2007-11-14: SeaFunc Meet-Up

Four of us turned up for the Wednesday, November 14 meeting of SeaFunc, the Seattle Functional Programming informality.  I was here because I said I would.  Just in case no one bested the rainy evening, I brought my laptop and started composing some blog posts (including this one).

Daniel, Stephen, and Nico showed up near 8pm and we jawed until 10pm.  Nico is the second person at a SeaFunc meeting that owns a Symbolics Lisp machine.  He talked a little about his efforts to install a larger hard drive and create a clean base system.  Apparently there is a lot of source code available (in Common Lisp) and Nico wants to learn from it.  There was some discussion of the power of the IDE and interest in how it might contrast with Smalltalk.

Daniel and Stephen are both with Microsoft.  Daniel and I ended up talking about functional-programming a bit and he explained the trampoline idea to me (since I am interested in Henry Baker's Cheney Copy on the run-time stack technique).  We managed to include discussion of the One Laptop per Child machine (XO), WHS, Windows Live Services (and the webcasts I've been watching).

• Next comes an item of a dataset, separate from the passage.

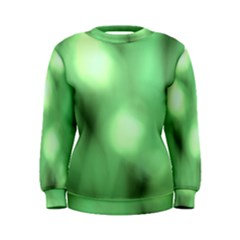 Green Vibrant Abstract No4 Women s Sweatshirt by DimitriosArt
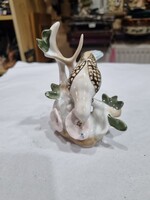 Porcelán madár figura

I didn't take any photographs.  I was having too much fun jabbering.  As recompense I offer the following tidbits:

  • In the November 14 issue of the Dr. Dobb's Report newsletter (don't know that it appears on the web), editor Jonathan Erickson leads off with "Functional Languages: Into the Real World."  The signal, to Erickson, is the announcement that Microsoft F# is to "become a first-class citizen of .NET and run on the Common Language Runtime."  Jonathan provides a link to the John Hughes paper, "Why Functional Programming Matters."
       
  • As evidence of Microsoft's intention, Don Syme of Microsoft Research Cambridge just posted his welcome to Luke Hoban, the Program Manager for F#.  Although no promises have been made, it is useful to know that Luke was involved in the creation of C# 2005 Express Edition.
     
  • Over on hubFS, the forum for F#, there is regular discussion and advice on running F# on Mono.  That means it should not be difficult to have F# (and Moonlight, the Mono counterpart to Silverlight) running on XO.  You knew I'd end up here, right?